I heard this term used today and it was new to me. It intrigued me. In looking it up, I found that the context that it is often in reference to the human effect on the environment (usually negative). But I wondered about it within my own life. Surely this law has played a role somewhere….

In thinking about it, initially I believed it was my haphazard approach to living that would bring unintended consequences to my life. So many of my previous decisions seemed terribly unplanned; my huge degree of boredom would motivate me into life altering steps with utter abandon. So then, of course, there would always be unintended consequences to these choices. Ones that propelled me forward down a path that allowed no turning back.

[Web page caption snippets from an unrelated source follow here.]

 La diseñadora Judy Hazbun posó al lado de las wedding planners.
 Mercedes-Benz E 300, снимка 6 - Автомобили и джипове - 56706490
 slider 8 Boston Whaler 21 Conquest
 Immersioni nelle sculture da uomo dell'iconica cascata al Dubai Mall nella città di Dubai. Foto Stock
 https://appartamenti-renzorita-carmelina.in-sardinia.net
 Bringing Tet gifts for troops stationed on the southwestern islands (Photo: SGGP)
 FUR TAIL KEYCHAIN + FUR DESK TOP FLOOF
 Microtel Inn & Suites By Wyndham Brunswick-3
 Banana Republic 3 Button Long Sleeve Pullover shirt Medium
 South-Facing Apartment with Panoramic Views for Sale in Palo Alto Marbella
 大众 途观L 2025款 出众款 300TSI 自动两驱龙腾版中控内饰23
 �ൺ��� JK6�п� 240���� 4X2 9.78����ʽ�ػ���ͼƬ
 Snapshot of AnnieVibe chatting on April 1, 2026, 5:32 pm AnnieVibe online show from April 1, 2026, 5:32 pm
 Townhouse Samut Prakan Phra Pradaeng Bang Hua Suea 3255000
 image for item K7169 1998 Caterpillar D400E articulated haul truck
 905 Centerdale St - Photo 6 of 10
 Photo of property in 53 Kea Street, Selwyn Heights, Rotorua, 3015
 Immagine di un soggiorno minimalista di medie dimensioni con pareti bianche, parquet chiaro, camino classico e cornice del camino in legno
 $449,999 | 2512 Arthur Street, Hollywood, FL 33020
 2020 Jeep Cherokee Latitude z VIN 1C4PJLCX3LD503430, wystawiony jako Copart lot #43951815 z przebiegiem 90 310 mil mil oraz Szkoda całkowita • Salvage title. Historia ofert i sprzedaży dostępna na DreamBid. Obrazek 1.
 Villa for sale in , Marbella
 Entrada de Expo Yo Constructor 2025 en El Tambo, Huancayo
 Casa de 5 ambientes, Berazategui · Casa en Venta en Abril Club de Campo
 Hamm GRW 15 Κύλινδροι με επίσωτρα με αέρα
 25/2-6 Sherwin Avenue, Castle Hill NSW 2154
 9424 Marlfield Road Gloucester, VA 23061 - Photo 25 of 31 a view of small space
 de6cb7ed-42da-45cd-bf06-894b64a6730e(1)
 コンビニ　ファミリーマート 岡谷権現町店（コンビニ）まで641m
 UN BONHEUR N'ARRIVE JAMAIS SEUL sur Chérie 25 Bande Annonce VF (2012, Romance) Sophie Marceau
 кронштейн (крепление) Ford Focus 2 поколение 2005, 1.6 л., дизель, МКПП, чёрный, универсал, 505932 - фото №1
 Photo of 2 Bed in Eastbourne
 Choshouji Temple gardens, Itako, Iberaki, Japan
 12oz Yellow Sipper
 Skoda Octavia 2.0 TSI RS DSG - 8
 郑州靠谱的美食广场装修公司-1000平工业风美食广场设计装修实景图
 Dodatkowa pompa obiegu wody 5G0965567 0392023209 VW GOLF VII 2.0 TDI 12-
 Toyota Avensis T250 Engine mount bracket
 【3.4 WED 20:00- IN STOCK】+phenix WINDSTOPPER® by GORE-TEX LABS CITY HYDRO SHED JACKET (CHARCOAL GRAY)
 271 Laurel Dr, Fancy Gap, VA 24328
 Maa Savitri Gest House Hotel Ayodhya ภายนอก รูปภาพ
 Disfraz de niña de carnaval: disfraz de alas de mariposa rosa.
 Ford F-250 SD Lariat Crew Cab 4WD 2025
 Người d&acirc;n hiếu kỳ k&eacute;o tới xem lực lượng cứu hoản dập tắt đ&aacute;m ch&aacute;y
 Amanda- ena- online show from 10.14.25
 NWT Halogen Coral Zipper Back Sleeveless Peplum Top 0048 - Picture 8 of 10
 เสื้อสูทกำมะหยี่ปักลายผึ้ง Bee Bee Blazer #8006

Sometimes, others choices set me down these unintended paths–the consequences to be paid then were hefty and to be dragged with me forever. But they defined me too and made me the person I am. Good? Bad? At moments, either/both… The weight of these, had they been changed, could have reset the entire course of my journey. Had they understood the consequences completely, where would I be now? Different consequences I suppose.

But really, even with a direct approach to life, I still face things unintended. Don’t we all? Think about it: what may be the unintended consequence of each action we take? It’s all ripple effect. It can be huge. Or maybe just something simple. The point is that nothing we do is without meaning. We bounce off of something else.

Maybe I am simplifying this concept.

But really, when it comes down to it: many things we do come with great responsibilities.

So now that this is in my head, I will try to be more aware of its presence: in my life and in the greater world. By its very meaning, I won’t be able to change anything I guess, as the outcome will be unintended. But maybe, if on the front end I think more carefully, the consequences can be good.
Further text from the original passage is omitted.